Thursday, 10 October 2013

Heading South June 11 - 13th

June 11 -13th

We left Pitlochery heading south to Kirkcauldy, 
which is in the Kingdom of Fife, to visit my Dad’s cousin Jean and her husband Lewis. The weather grew wetter and greyer as the day went on.

Sea view from Jean's street

Brian had never met Jean and Lewis due to geography. Jean and I keep in touch on the phone but the last time I saw her was in Canada 6 or 7 years ago at a family wedding and the last time I saw Lewis, I was 6 or 7. After aperitifs and a tasty dinner we comfortably caught up while laughing and enjoying each others company.
Lewis & Brian                                                              Lewis, Jo and Jean

Eventually and sadly, it was time to leave. They walked us out to the RV, which Brian had had to park on an incline, and being the ever careful driver had positioned the wheels towards the curb.  This turned out to be a detriment when the damn RV wouldn’t start and he couldn’t run it down the hill for a boost. Of all the luck. After checking the circuits he realized the Fiat battery was FLAT. We had only been at Jean’s for 4 or 5 hours. She kindly brought her car around for Brian to try a boost. No luck!

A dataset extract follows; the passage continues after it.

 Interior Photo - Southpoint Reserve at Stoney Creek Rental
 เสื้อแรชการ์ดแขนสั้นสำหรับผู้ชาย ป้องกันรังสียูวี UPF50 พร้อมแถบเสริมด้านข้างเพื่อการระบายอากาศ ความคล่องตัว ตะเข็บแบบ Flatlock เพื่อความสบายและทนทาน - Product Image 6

As we had never had this problem before I decided it was my late mother’s doing and she was just giving Jean and me a bit more time together!
So, in the end we had to call RAC (Royal Automobile Club) for a boost. The technician was a  capable young man. He immediately identified that the Fiat battery had discharged for no apparent reason. When he had it running again the alternator was charging normally and the amp clamp showed no unusual drain on the electrical system. During our journey we experienced the same circumstances again and upon examination back in France we discovered that the back up camera had been wired directly to the battery and it slowly drained 24/7.

As we bid goodnight it was now about 9:30, darker, colder and wetter. I located a campsite not too far away but that somehow disappeared off the GSP so we travelled on to one by a golf course. Naturally, arriving at that late hour it was closed. However, a man walking his dog showed us where to park for the night. We were under a tree canopy; the blowing wind noisily splattered excess rain and vegetation (we later discovered) onto the roof all night leaving us a bit tired in the next day.

In the morning management knocked on our door. She spoke slowly and plainly. When we answered in English she laughed out loud and said she always puts on her posh accent for foreigners. We encountered this quite often as our license plate indicates we are from France, which is quite true these days!

We decided to continue south. We crossed the Forth Road Bridge which is next to the Forth Railway Bridge which opened in 1890 and until 1917 was the longest single cantilever bridge span in the world. It still has the second longest single span at 2528 meters/8296 ft.

More Scenery as we travelled south.

I saw the sign for Rosslyn Chapel and before we could say Da Vinci Code we were there!  What an amazing building. The history is extensive and was very well explained in a half hour talk by one of the staff. In the gift shop we were told by the cashier that prior to the film the Chapel had had an average of 3000 visitors per year. In 2006 after the movie was released, that first month they had 3000 visitors. They were completely overwhelmed. Now, the new visitors center, complete with café, handles it all very well indeed.

Inside photos were not allowed

We spent the night at an over-priced rural campsite on the Old Farm Road. Well, all I can say is the heavy trucks must not know where the NEW Farm Road is located. Nuff said.


Off to Moffat we went:  a little town with a huge sheep monument right in the middle .

Brian spotted a Royal Bank of Scotland van. It is a mobile bank traveling from town to town to accommodate its customers. How quaint and yet how very modern.

From Moffat we went down to Dumfries. Not to be pronounced as Dumb Fries – it is DumFREE-ss. Apparently you can catch fish in the middle of town; in the river of course.

We wanted to visit with my relatives who live in or near Ayrshire and spend time with my former primary school  teacher.

The most convenient place to stay was at Sundrum Castle Holiday Park. It is rated with Four Stars but I think that at least two of those stars have been allotted just for the name.  

It seemed as if the park was mainly aimed at selling ‘holiday homes’ which were quite large mobile homes in the region of £43,000/€37,400/$64,500, rather than accommodating touring campers. But, it was a safe and convenient place to meet. 

 One day we walked down a lane to look at the castle but it was quite heavily wooded to see too much, however, we discovered a trail where walkers were welcome. It was tranquil, colorful and had that wild unspoiled feel. 

Angus had his first encounter with a cow. She was so startled she caught her head on the fence.

 Then we encountered these three hooligans! 

So, Moooo-ving on from there........we'll catch up in the next installment soon!